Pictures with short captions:
════════

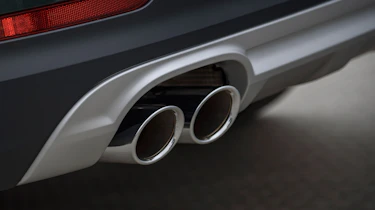 Audi A4 Allroad exhaust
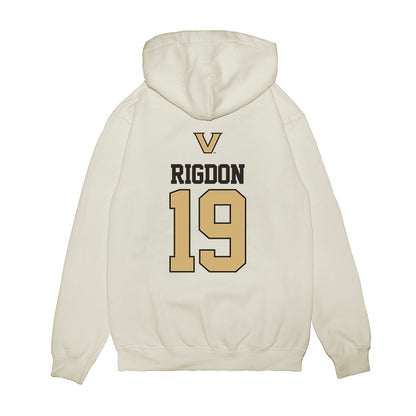 Vanderbilt - NCAA Baseball : Rustan Rigdon - USA Premium Hooded Sweatshirt-1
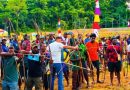 Warnai HUT ke-23 Teluk Bintuni, Waket II DPRK Dorong Pelestarian Budaya Panahan Tradisional Moskona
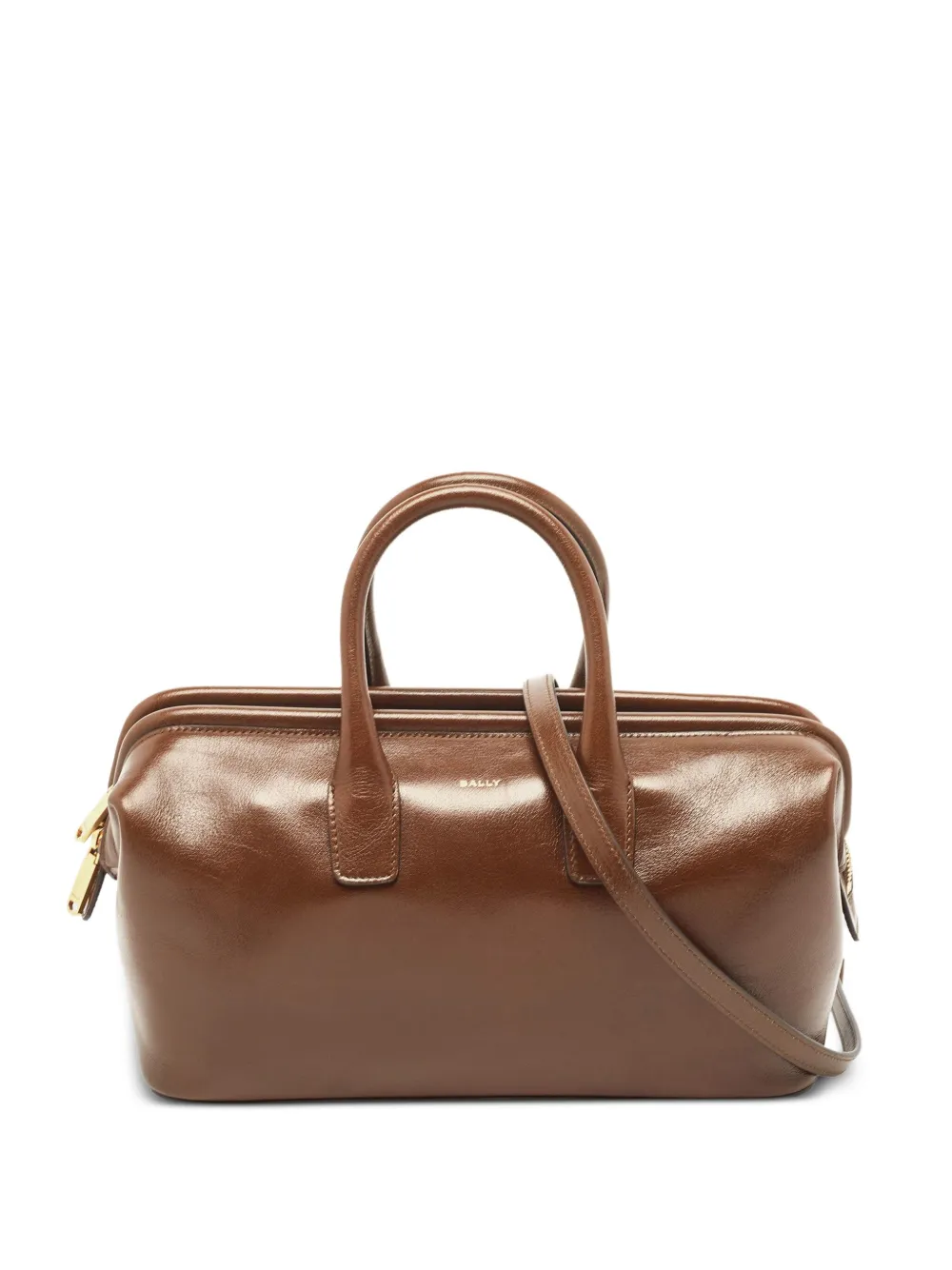 Bally leather tote bag | Brown | Image 1
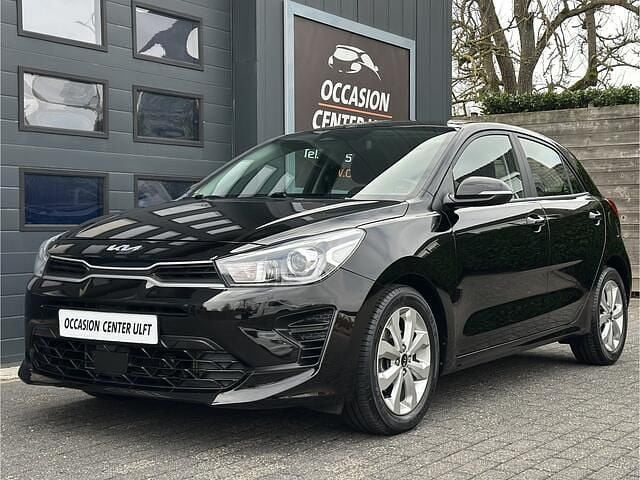 Occasion Kia Rio 101 PK (74 kW) 2022 Zwart Hatchback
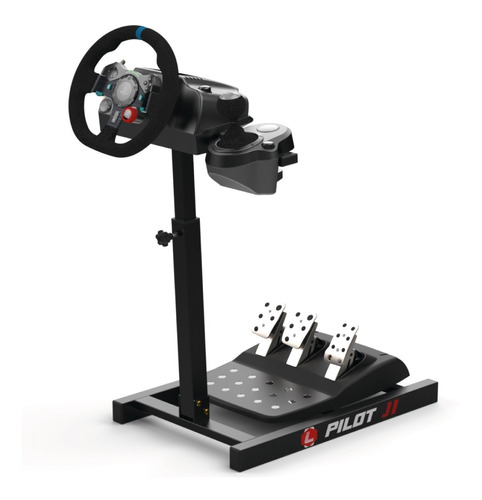 Redragon GT32 Racing Wheel and Pedals NA BRASIL GAME SHOW 2022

════════

Task item: Here the lines from the one with "Bally leather tote bag | Brown | Image 1" through the last line of the data above need to be repeated exactly, both included, and any picture omitted.

Exercise answer:
 Bally leather tote bag | Brown | Image 1
 Occasion Kia Rio 101 PK (74 kW) 2022 Zwart Hatchback
 Redragon GT32 Racing Wheel and Pedals NA BRASIL GAME SHOW 2022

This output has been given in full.